British Journal of Anaesthesia, 1992, Vol. 69, No. 6 615-620
© 1992 The Board of Management and Trustees of the British Journal of Anaesthesia
research-article |
MODULATION BY CARBON DIOXIDE AND pH OF THE CONTRACTILE RESPONSES TO POTASSIUM AND PROSTAGLANDIN F2a IN ISOLATED HUMAN PIAL ARTERIES
Department of Clinical Pharmacology, Neurosurgery and Anesthesiology, University Hospital Lund, Sweden
* Present address, for correspondence: Department of Anesthesiology, University Hospital, DK-2600 Glostrup, Denmark.

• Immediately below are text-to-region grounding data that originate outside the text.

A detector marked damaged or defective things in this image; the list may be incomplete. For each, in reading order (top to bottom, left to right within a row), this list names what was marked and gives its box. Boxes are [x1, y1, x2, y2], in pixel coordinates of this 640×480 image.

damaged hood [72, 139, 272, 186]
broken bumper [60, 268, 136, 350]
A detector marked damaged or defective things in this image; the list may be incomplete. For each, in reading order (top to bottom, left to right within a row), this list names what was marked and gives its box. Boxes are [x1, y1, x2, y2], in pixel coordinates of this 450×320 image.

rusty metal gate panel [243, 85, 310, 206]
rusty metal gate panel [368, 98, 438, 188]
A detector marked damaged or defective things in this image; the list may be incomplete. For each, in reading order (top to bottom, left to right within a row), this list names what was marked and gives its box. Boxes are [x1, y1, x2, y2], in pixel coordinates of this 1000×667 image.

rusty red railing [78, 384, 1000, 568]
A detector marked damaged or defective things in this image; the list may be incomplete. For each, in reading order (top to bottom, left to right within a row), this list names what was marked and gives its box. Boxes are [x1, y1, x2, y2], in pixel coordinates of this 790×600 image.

Variation of PCO2 with concomitant changes in extracellular pH (pH0) may modulate cerebrovascular resistance, but the direct actions of carbon dioxide and pH0 on human cerebral arteries are unknown. In this study, we have evaluated the effects of different carbon dioxide tensions (2.7, 4.2 and 7.2 kPa) with either fixed (pH0 = 7.44) or concomitant changes in pH0 on contractions induced by depolarization (potassium) or receptor stimulation (prostaglandin F2x. in isolated human pial arteries. Isolated changes in PCO2 had no significant effect on either potency (unchanged EC50 value) or the maximum response (Emax) in potassium–contracted arteries. Hypercapnia with uncompensated pH0 significantly decreased both EC50 and Emax values, whereas uncompensated hypocapnia significantly increased the EC50 value without any effect on Emax. Concentration–response curves induced by prostaglandin (PG) F2x were shifted significantly to the right (increased EC50 = decreased potency) during both hypo– and hypercapnia, independent of changes in pH0. The maximal responses were enhanced significantly during hypocapnia (Emax =110 (SEM2)%), but this enhancement was converted into a slight attenuation when pH0 was compensated (Emax = 92 (4) %). Hypercapnia, with or without compensation of pH0 decreased the Emax values to 69 (16)% and 73 (9) %, respectively. We conclude that hypocapnia increases contractility in human pial arteries–an effect which is reversed by compensation of pH0. In contrast, the hypercapnic decrease of PGF2x –induced contractions appears to be independent of pH0. The results confirm a relationship between contractility and pH0 but do not exclude a direct action of carbon dioxide in receptor–stimulated arteries.